My favorite part of our DH training is wandering on Lynda.com. Going through lists of tutorials for so many amazing software exhilarates me more than online shopping. Not only a wonderful source of knowledge, Lynda is also a reminder to me of the importance of consistently educating and bettering myself.
Hello! I’m Elizabeth, a sophomore at Carleton College intending to major in history. I was exposed to digital humanities in a class last winter, and I’ve since become fascinated by the possibilities offered by digital humanities! My other interests include traveling, maps, musicals, and Sudoku.

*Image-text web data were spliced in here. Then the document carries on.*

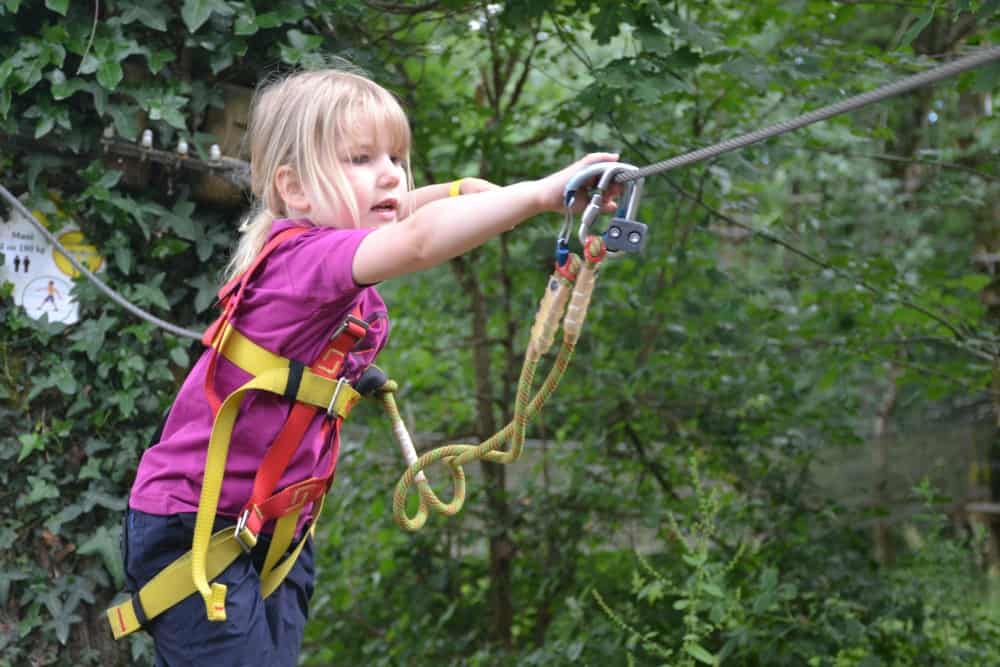 Tin box Tot attaching carribena - Le Grand Defi tree top fun in France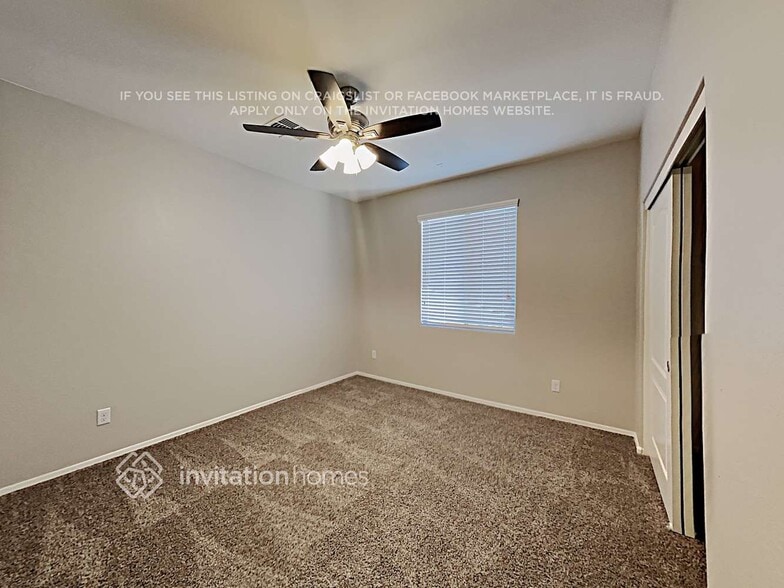 Building Photo - 6370 S Forest Ave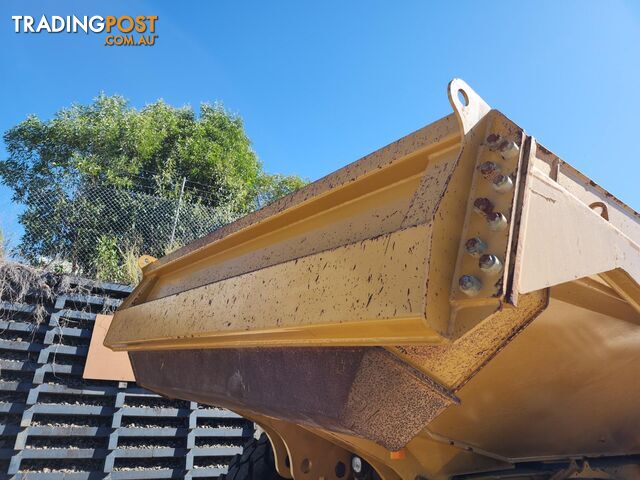 2015 Caterpillar 725C2 Articulated Dump Truck (Stock No. 97672)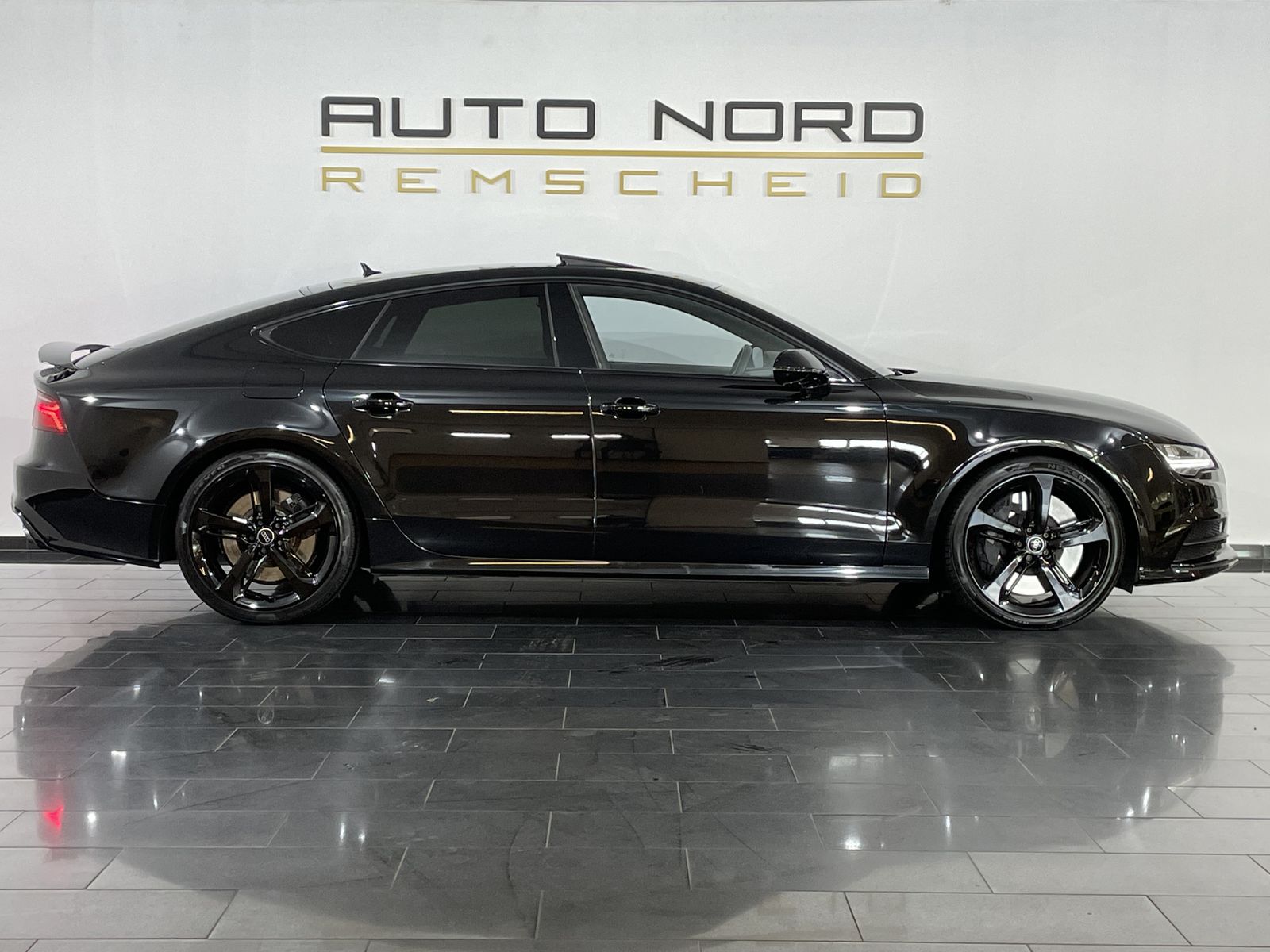 Audi S7 4.0TFSI Quattro*Matrix*S-Dach*Memory*Head-UP* foto 4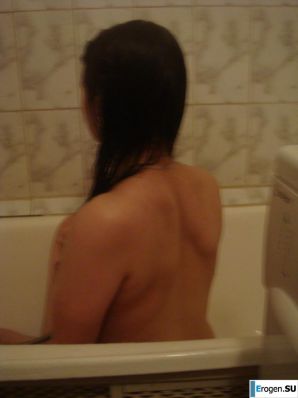 Студентки фоткают сами себя. Эскиз 29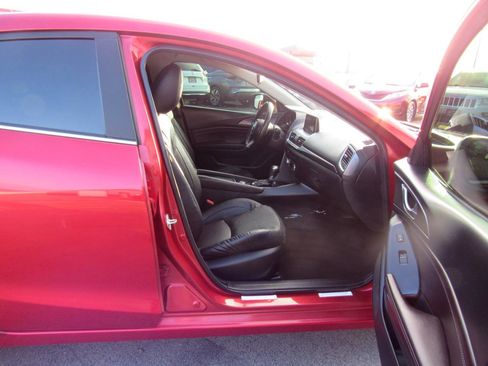 Used 2017 MAZDA MAZDA3 Grand Touring image 29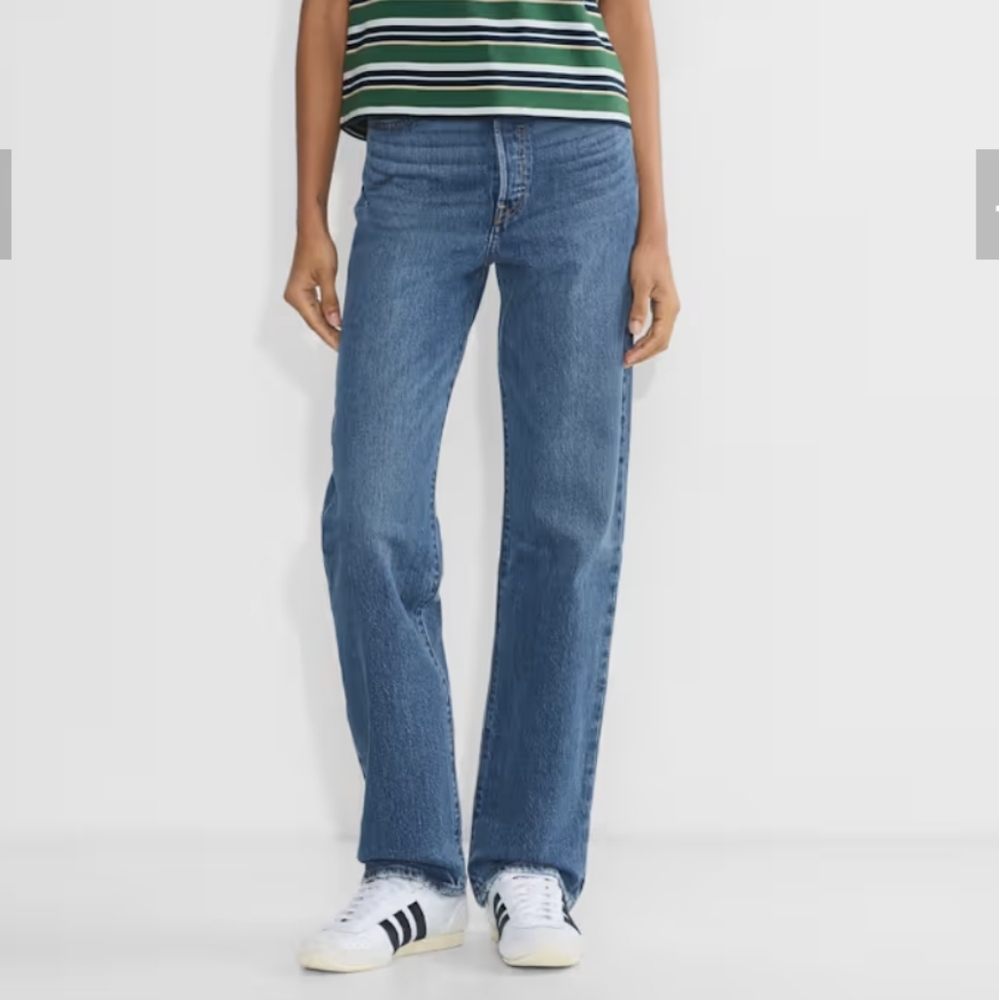 Levi's High Rise Straight Jeans in Medium Blue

Prior to this week of training, I had not thought extensively on the necessity of matching a project’s needs to the suitability to a platform, especially content management systems (CMS). During the past week, we have explored three distinct CMS – Omeka, WordPress, and Reason (Carleton’s own website builder).
While all have the same basic goal, each best suit different projects. Reason, which is used for Carleton’s website, is quite easy to edit and requires absolutely no coding experience. However, it does not allow the degree of customization available in Omeka or WordPress. On the other hand, Omeka and WordPress are not as intuitive, and thus harder to learn, and coding experience is helpful for both Omeka and WordPress. Thus, each CMS is better suited to some projects than others; no one platform is always best for all projects. The correct CMS for the job depends on a project’s goal, scope, content, and workers.
Hi, I’m Bard, and I hate writing introductions. When I was supposed to introduce myself as a freshman at Carleton on the Facebook page, I got so worried my introduction would sound like every other one that I wrote a sonnet instead. Since then I’ve found outlets for my interests in medieval history and literature, romance languages, early music and folk music, roleplaying games, programming, and theatre. I’m a Computer Science major and a Medieval and Renaissance Studies concentrator. I got excited about digital scholarship as the natural intersection of my disciplines. As a DHA I hope to learn new software and best practices for collaboration in digital scholarship so that I can apply them to research projects in grad school and beyond.
During this week’s training, I was surprised to learn just how much our group of student workers helps build websites. I was used to thinking of 3D printing and modeling or GIS (geographic information systems) as standard digital humanities projects, but at its simplest and most widely useful, our job is about making scholarship digital and widely accessible, and the way to do that is by making (good) websites. Time to actually learn some CSS.